Ten aanzien van feit 3 heeft de raadsman als subsidiair verweer aangevoerd dat de verdachte dient te worden vrijgesproken van de diefstal van een pakje sigaretten, omdat dit niet aan het slachtoffer toebehoorde.
3.3
Oordeel van de rechtbank
3.3.1
Partiële vrijspraakNaar het oordeel van de rechtbank is niet wettig en overtuigend bewezen hetgeen de verdachte onder feit 1 ten laste is gelegd met betrekking tot de autosleutel en onder feit 2 met betrekking tot de pinpas met pincode en een portemonnee, zodat hij daarvan moet worden vrijgesproken.
3.3.2
Redengevende feiten en omstandigheden
De rechtbank komt tot bewezenverklaring van de onder 1, 2 en 3 ten laste gelegde feiten op grond van de bewijsmiddelen die in de bijlage bij dit vonnis zijn vervat.
3.3.3
Bewijsoverweging
De rechtbank verwerpt de hiervoor onder 3.2 weergegeven verweren van de verdediging. Uit het dossier en het onderzoek ter terechtzitting leidt de rechtbank met betrekking tot de betrokkenheid van de verdachte bij het tenlastegelegde het volgende af.

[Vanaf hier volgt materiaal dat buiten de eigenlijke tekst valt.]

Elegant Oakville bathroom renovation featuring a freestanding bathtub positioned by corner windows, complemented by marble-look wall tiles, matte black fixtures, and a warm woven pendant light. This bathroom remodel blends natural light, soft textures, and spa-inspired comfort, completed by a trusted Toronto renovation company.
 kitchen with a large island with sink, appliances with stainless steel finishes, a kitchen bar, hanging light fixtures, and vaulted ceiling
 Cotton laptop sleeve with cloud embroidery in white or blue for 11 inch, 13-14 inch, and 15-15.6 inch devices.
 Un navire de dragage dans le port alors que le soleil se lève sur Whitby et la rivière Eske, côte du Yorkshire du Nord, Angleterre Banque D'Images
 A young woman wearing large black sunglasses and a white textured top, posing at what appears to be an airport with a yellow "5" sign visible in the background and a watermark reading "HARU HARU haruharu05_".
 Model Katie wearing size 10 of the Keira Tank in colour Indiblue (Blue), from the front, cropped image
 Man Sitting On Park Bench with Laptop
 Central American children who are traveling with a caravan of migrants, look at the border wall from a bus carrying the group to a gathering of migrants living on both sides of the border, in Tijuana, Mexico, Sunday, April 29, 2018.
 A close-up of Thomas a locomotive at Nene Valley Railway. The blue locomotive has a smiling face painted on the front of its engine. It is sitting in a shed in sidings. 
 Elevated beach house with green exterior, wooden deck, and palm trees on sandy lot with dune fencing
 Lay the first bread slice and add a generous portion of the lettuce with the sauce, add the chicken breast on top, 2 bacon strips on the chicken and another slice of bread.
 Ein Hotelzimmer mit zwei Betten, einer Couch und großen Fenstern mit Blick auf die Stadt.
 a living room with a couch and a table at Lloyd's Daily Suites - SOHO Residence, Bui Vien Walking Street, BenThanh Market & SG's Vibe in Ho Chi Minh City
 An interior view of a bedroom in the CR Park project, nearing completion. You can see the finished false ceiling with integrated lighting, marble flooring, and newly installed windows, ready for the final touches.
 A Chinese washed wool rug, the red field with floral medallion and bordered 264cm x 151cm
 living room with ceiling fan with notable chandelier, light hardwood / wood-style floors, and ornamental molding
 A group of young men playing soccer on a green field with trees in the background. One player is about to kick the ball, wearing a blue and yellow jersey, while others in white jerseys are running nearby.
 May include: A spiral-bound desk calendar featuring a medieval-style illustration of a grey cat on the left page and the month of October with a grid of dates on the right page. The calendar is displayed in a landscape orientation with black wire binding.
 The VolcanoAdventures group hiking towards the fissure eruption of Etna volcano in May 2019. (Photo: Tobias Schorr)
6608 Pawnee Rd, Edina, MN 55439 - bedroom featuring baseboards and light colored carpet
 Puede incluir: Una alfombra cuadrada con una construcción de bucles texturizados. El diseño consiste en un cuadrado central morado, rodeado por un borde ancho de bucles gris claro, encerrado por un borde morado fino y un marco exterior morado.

Op de late avond van 17 januari 2021 hebben de verdachten op de datingsite Bullchat een afspraak gemaakt met het 78-jarige slachtoffer. Op de afgesproken ontmoetingsplek bij het tankstation in Heemskerk is de verdachte als eerste naar de auto van het slachtoffer gelopen en heeft hij het slachtoffer gevraagd of hij “van Bullchat” was. Het slachtoffer bevestigde dit waarop de verdachte op de bijrijderstoel van de auto van het slachtoffer heeft plaatsgenomen. De medeverdachte is kort hierop achterin de auto gestapt. De verdachten zijn samen met het slachtoffer naar Beverwijk gereden. In Beverwijk heeft het slachtoffer onder bedreiging met een mes door de medeverdachte zijn pinpas met pincode en portemonnee afgegeven. Het mes werd hierbij tegen de nek van het slachtoffer geduwd. Ook is op enig moment de autosleutel van de auto van het slachtoffer weggenomen. De medeverdachte is vervolgens de auto uitgestapt en heeft geprobeerd om met de pinpas van het slachtoffer te pinnen bij een pinautomaat. Gedurende voornoemde handelingen bevond de verdachte zich in de auto op de bijrijdersstoel. Na enkele minuten stapte de medeverdachte weer achterin de auto van het slachtoffer met de mededeling dat het niet gelukt was om te pinnen. Het slachtoffer werd door de medeverdachte gesommeerd uit de auto te stappen en op de bijrijdersstoel plaats te nemen, zodat de verdachte de auto kon besturen. De verdachte is vervolgens uit de auto gestapt en naar de bestuurderskant van de auto gelopen. Op dat moment heeft het slachtoffer onophoudelijk geclaxonneerd waarop de verdachten samen zijn weggerend. Een kwartier later heeft de verdachte met de ontvreemde pinpas van het slachtoffer een pakje sigaretten afgerekend en € 50,- contant opgenomen bij een tankstation in Beverwijk.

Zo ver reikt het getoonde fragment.